Osteoporosis testing is driven primarily by the need to identify patients at risk for osteoporotic fractures. The diagnosis relies mainly on bone mass measurement. From epidemiological studies it is known that the rate of prevalent fractures increases substantially below a certain level of bone mass. This value is referred to as the fracture threshold, and is generally set at 2 standard deviations below the mean for a young normal population.

The current impact of osteoporosis on health care costs, quality of life and total morbidity and mortality implies an immediate need for more sensitive methods of predicting development of the disease. It is essential to be able to assess the risk of osteoporosis and identify the risk factors that eventually will lead to low bone mass and/or osteoporosis in the population. Unfortunately, information on genetic risk factors associated with or contributing to the development of osteoporosis is limited.

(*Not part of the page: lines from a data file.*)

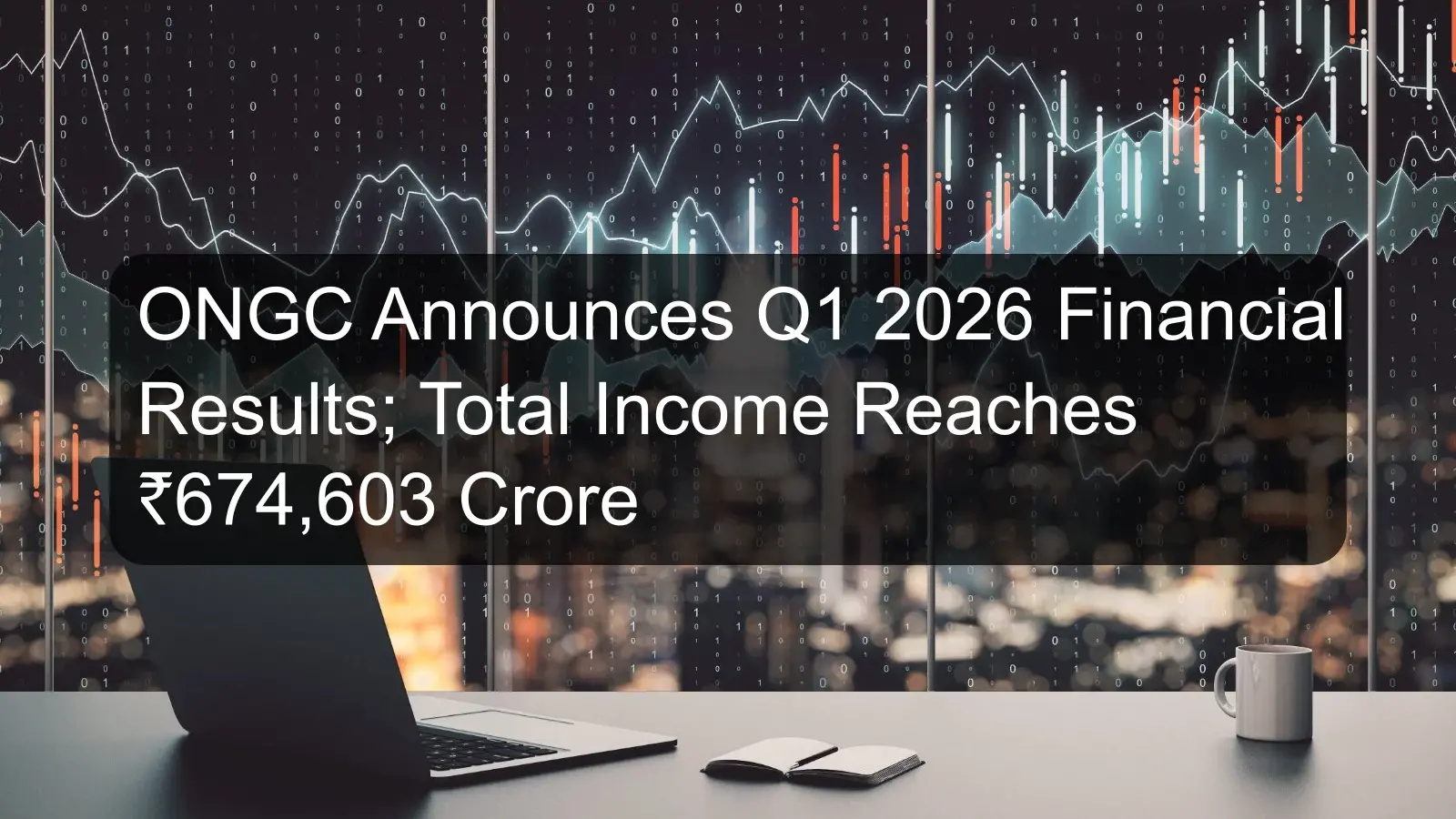 ONGC Announces Q1 2026 Financial Results; Total Income Reaches ₹674,603 Crore ONGC Announces Q1 2026 Financial Results; Total Income Reaches ₹674,603 Crore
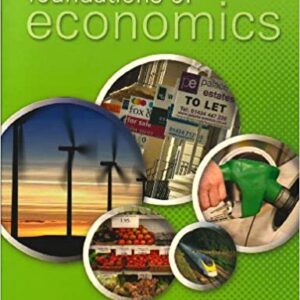 Foundations Of Economics 4Ed Pb 2009
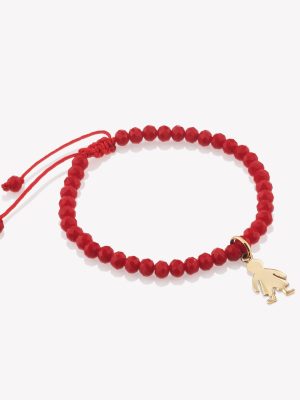 Pulsera Niño Tentación Lustrado Oro Naranja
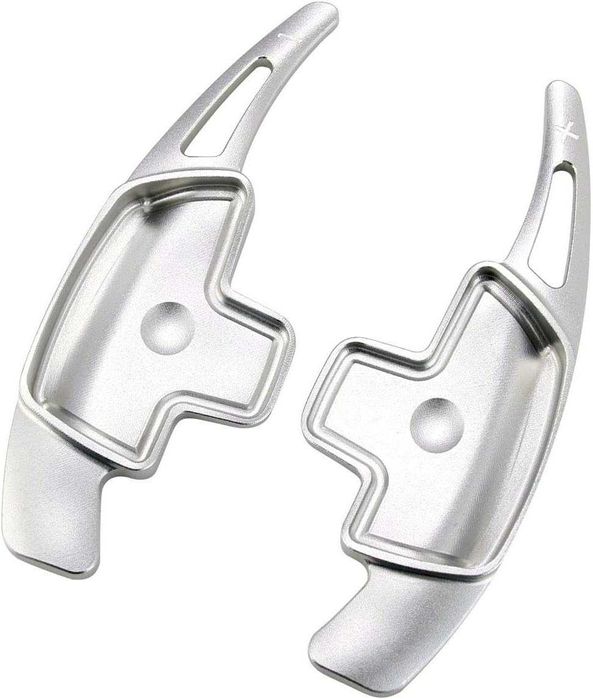 Set extensie padele volan Mercedes Benz, argintiu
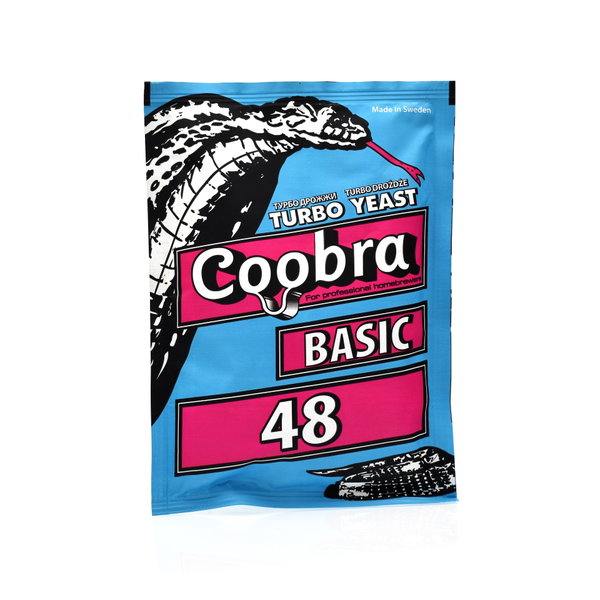 Drożdże gorzelnicze Coobra Basic 48, 120g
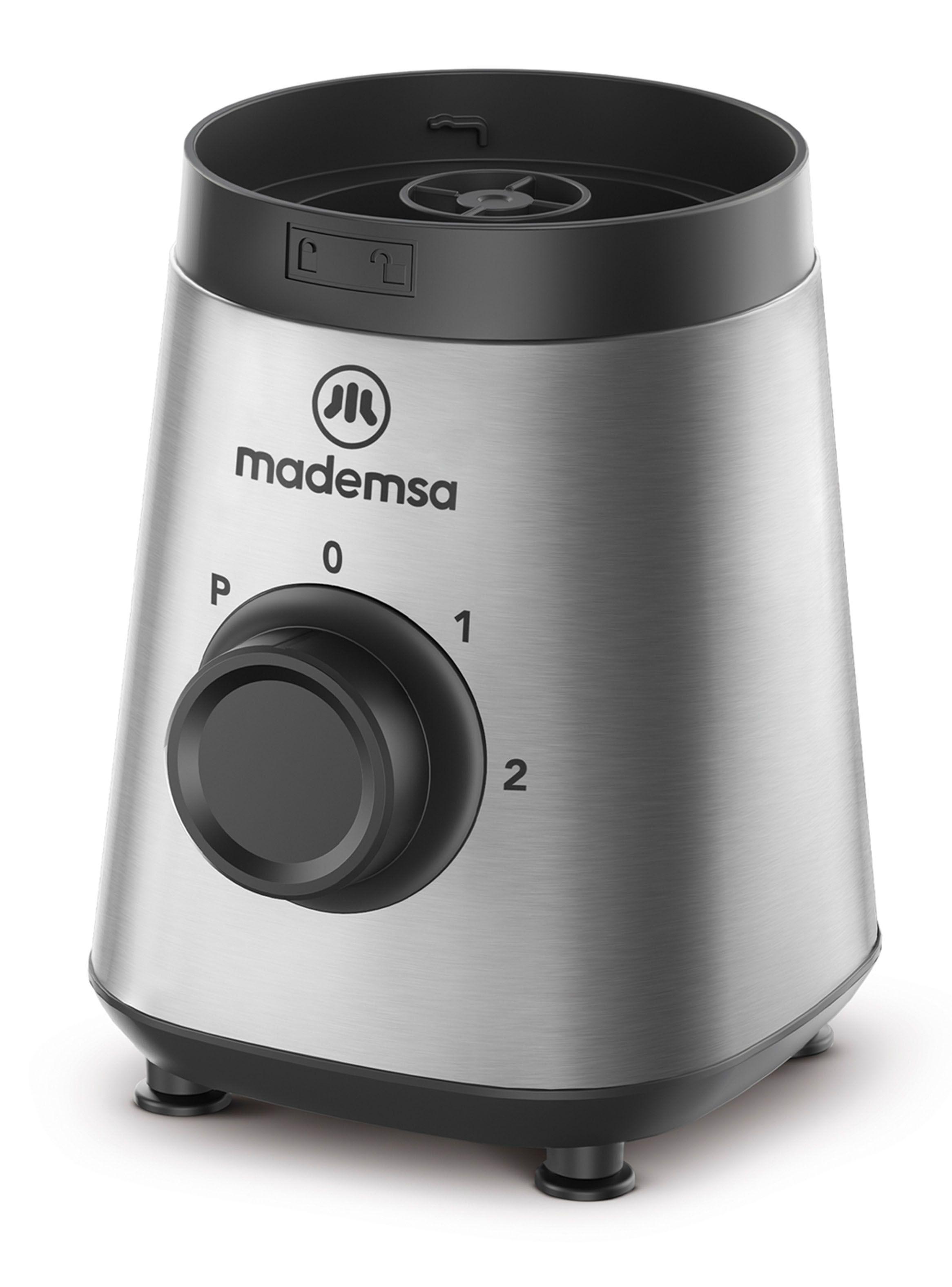Licuadora 0.6 Lts MBL30 Gris-4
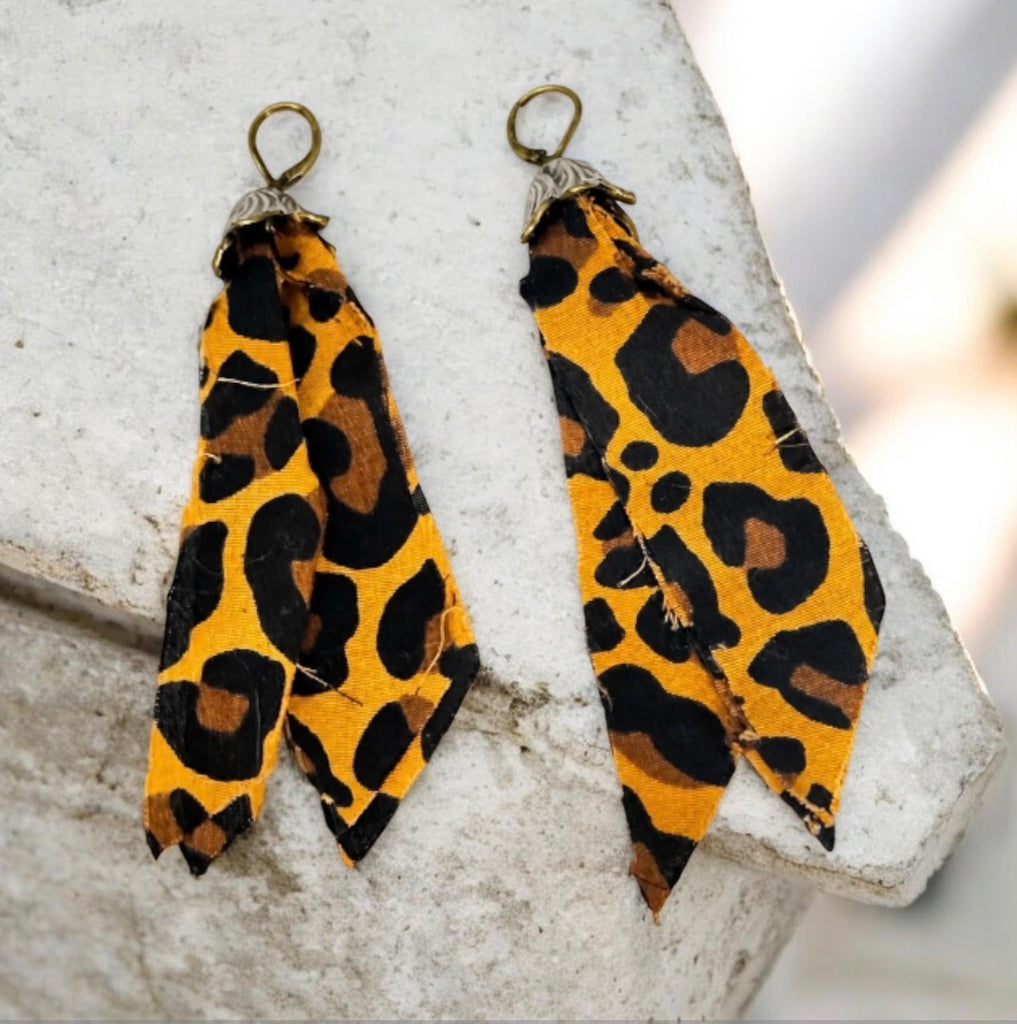 Wild Chic | Wild Spirit Leather Earrings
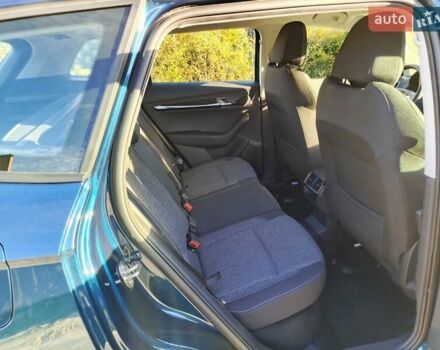 Синий Шкода Karoq, объемом двигателя 1.4 л и пробегом 21 тыс. км за 25300 $, фото 13 на Automoto.ua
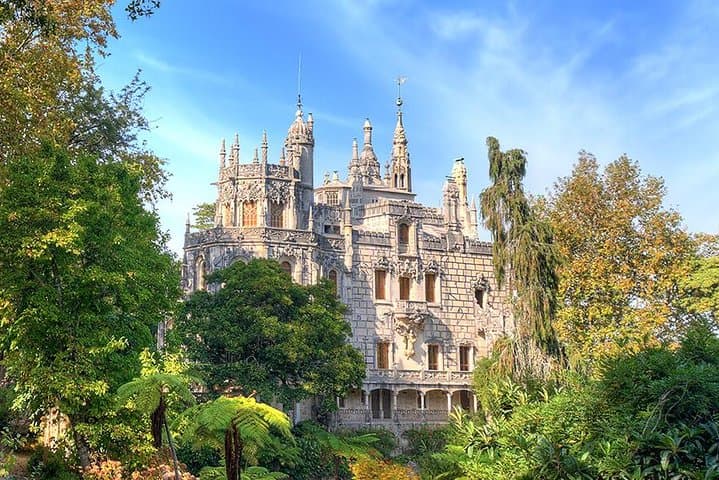 Sintra & Scenic Coast Private Tour: Quinta da Regaleira, Cabo da Roca & Boca do Inferno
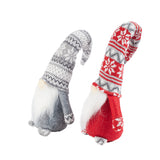 Christmas Santa Gnome Plush Doll Elf Decor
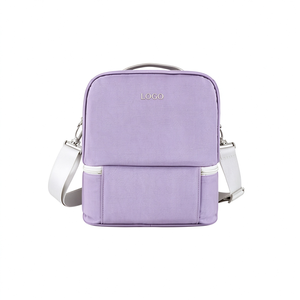 Sac isotherme étanche 12L en aluminium, motif fille rose mignon, pour repas d'enfants, livraison de nourriture, pique-niques, et conservation du lait maternel - Product Image 2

The low bone mass that is common with advancing age results from a combination of suboptimal peak bone mass attained in early adulthood, and increased rates of bone loss that occur after middle age. It is known that peak bone mass is dependent primarily on genetic factors, although it is also influenced by environment factors like calcium intake in the diet and physical activity during childhood and adolescence. The genetic factors explain the variability in peak bone mass within different ethnic groups, for example Blacks have greater peak bone mass than Caucasians, who in turn have a higher bone mass than Asians. The influence of genetic factors on peak bone mass has been confirmed in fair studies over the last 20 years.

Synergene, as part of its internal Research and Development program, is planning to engage in a research project for the localisation of genetic alterations that confer increased predisposition to osteoporosis. We anticipate that the identification these genetic risk factors would be of significant importance in the assessment of risk for developing osteoporosis.